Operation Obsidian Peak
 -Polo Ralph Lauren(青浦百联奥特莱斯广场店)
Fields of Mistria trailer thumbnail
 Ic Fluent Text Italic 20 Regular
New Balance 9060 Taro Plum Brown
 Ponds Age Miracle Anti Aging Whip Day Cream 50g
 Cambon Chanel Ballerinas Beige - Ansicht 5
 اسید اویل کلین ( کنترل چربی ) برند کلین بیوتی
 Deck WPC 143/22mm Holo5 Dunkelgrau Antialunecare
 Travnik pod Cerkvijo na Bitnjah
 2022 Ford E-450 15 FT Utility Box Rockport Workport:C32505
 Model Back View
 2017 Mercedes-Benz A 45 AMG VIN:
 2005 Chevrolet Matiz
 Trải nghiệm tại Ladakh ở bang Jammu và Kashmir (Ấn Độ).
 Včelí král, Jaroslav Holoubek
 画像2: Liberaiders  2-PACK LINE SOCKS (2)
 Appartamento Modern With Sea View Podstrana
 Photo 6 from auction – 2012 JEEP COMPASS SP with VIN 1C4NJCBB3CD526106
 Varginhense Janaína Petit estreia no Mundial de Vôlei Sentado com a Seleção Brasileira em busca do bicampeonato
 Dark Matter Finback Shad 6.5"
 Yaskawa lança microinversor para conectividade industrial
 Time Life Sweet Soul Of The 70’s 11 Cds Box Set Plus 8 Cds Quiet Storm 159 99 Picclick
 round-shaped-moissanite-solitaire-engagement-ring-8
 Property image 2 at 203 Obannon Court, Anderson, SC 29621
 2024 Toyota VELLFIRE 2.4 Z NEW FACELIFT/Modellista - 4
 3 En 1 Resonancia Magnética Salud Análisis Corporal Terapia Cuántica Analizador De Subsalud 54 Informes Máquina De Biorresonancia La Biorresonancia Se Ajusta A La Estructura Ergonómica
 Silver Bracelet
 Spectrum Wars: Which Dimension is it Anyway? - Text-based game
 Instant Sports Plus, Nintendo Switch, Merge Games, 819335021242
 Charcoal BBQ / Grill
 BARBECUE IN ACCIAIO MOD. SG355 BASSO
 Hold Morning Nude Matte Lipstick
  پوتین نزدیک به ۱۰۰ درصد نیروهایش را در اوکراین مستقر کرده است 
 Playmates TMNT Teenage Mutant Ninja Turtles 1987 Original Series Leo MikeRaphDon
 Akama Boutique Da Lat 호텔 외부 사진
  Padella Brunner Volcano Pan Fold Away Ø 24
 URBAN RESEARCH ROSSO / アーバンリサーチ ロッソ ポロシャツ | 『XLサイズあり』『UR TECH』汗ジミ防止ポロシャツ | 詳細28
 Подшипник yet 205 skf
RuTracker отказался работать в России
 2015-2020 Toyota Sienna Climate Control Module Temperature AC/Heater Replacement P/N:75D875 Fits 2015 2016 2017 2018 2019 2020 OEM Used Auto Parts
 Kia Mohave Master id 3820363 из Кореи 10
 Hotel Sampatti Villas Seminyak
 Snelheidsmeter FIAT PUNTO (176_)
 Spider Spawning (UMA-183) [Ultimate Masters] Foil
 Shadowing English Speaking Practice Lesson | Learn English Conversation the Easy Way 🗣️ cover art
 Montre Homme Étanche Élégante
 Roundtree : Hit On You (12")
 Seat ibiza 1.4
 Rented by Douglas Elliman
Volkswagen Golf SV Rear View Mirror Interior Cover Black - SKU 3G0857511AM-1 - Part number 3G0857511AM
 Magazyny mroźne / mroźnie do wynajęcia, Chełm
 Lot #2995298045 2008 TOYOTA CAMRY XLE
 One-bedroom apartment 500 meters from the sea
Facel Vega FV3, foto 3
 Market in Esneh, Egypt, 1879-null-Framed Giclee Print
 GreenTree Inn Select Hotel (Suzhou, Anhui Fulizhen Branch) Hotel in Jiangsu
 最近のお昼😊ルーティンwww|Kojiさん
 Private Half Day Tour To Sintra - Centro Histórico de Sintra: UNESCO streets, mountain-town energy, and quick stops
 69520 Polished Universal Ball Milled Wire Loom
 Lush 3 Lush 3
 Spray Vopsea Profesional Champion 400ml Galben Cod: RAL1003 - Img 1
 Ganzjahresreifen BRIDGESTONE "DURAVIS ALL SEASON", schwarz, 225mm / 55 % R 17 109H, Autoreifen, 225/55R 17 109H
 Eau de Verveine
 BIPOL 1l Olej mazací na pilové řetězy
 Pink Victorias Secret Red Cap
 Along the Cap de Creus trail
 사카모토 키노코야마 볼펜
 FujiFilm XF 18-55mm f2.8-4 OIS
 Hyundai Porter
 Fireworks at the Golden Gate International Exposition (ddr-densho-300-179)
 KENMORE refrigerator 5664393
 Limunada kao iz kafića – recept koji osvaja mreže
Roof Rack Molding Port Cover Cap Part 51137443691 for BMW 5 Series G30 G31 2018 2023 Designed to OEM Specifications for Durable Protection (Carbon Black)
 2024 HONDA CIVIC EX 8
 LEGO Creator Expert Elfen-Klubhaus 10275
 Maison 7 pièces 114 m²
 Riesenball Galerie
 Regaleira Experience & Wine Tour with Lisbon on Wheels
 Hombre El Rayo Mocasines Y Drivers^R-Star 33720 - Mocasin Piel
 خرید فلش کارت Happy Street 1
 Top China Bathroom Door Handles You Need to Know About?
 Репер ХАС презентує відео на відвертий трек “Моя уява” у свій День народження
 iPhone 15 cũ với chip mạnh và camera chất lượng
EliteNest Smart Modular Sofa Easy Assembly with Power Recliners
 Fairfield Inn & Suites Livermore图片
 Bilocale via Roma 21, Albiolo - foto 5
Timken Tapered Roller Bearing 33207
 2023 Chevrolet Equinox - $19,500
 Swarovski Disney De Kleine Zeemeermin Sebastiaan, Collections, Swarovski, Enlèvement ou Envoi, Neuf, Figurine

EXERCISE OBJECTIVE ::
Within the records above, find every line holding the word "Black" and give the total as a bare number.

SOLUTION TO THIS TASK ::
2